ガヴリリュク ~ バッハ=ブゾーニ/トッカータとフーガ ニ短調
2011-06-08(Wed)
バッハのオルガン曲で最も有名な(と思う)《トッカータとフーガ ニ短調 BWV565》。
冒頭のドラマティックでかなりオドロオドロしい旋律は、まるで悲劇の幕開けを告げるような趣き。
この冒頭の旋律からして好きではないので、オルガンの演奏でも、編曲版でもまともに聴いたことはない。
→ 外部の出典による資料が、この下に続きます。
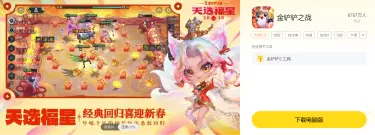 金铲铲之战模拟器下载 哪个模拟器玩金铲铲比较顺畅图片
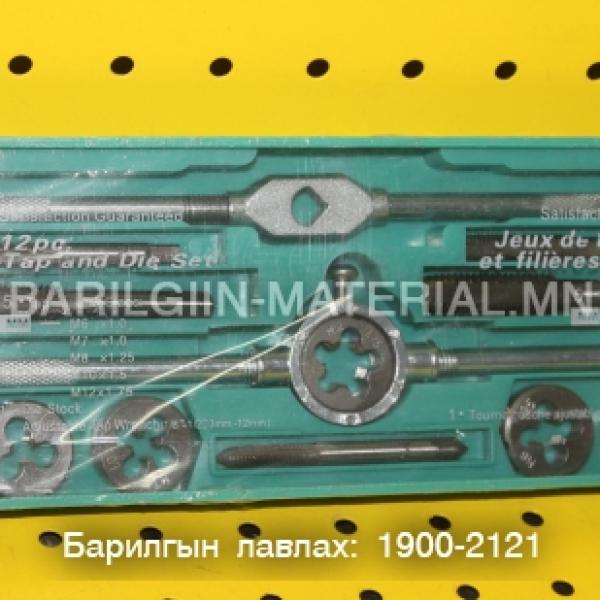 Резва татагч ком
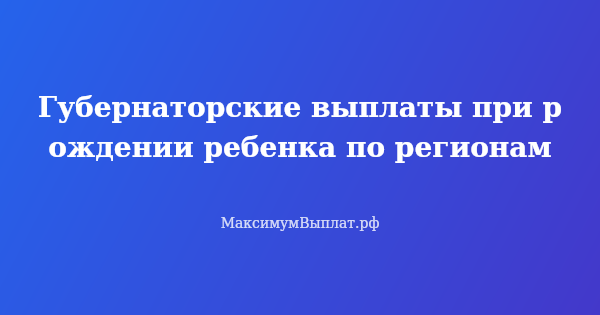 Превью статьи «Губернаторские выплаты при рождении ребенка по регионам»
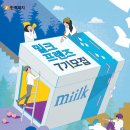 밀크밀크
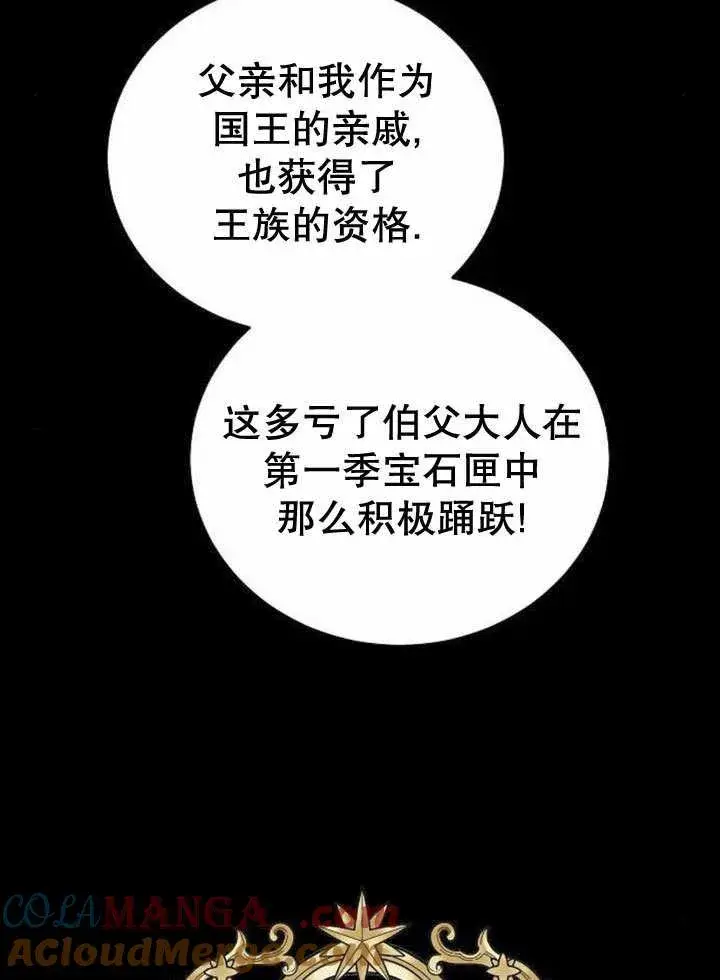 《黑曜石的新娘》第40话图45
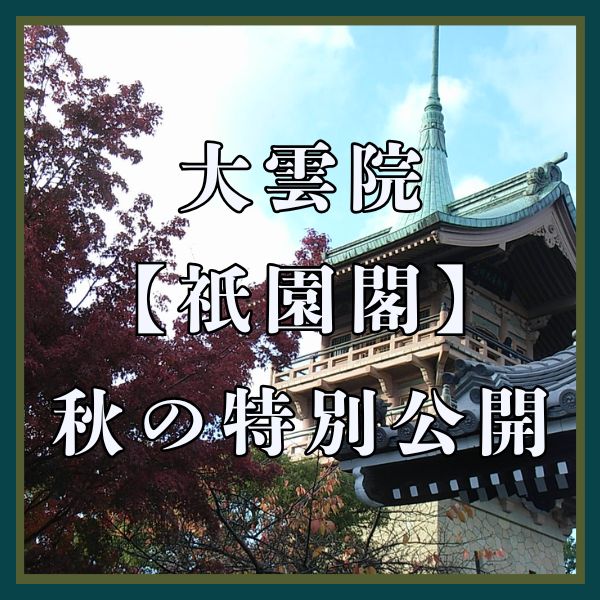 大雲院 祇園閣 秋の特別公開 / 京都観光旅行ガイド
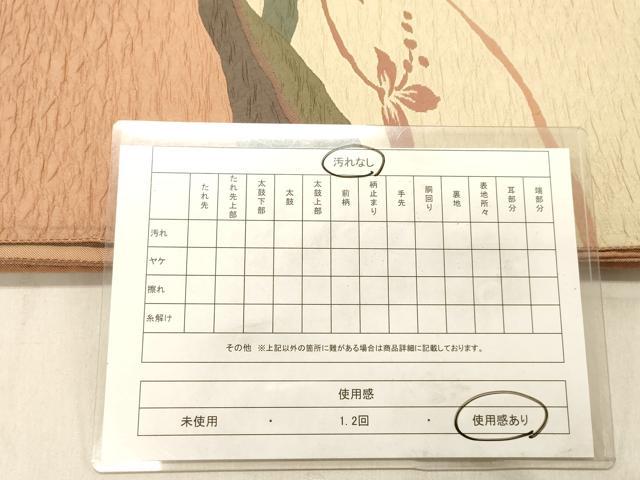 平和屋着物◎太鼓柄袋帯　ふくれ織　舞花文　正絹　逸品　DABB9514ya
これだけ有名な曲なので、編曲したくなる作曲家やピアニストは数多く、
<バッハの音楽の曲目データベース>の編曲版リストを見ると、全部で25種類。
ブゾーニ、レーガー、シロティといった名だたるバッハ編曲者もやっぱり編曲している。
たまたまYoutubeで見ていたガヴリリュクのブゾーニ編曲版のライブ映像。
オルガンと違ってピアノの音だとオドロオドロしさが薄くなって、さらに生気と迫力漲るガヴリリュクの演奏が素晴らしく、全然イメージが違う曲に聴こえる。
冒頭のトッカータの力強いピアノの響きがドラマティックなのも良いけれど、それよりもその後に続くフーガの美しいこと。
ブゾーニらしくピアニスティックで華麗な編曲ではあるけれど、ガヴリリュクらしいピアニッシモの響きの瑞々しい美しさが静寂で厳粛な雰囲気によく映えている。
力強く深い響きのフォルテは大聖堂のように聳え立つような荘重堅牢な重厚感も充分。
ガヴリリュクの良いところは、技巧的な曲を切れの良く安定したメカニックで弾いても、外面的な煌びやかさが前面に出ずに、音楽そのものを聴かせるところ。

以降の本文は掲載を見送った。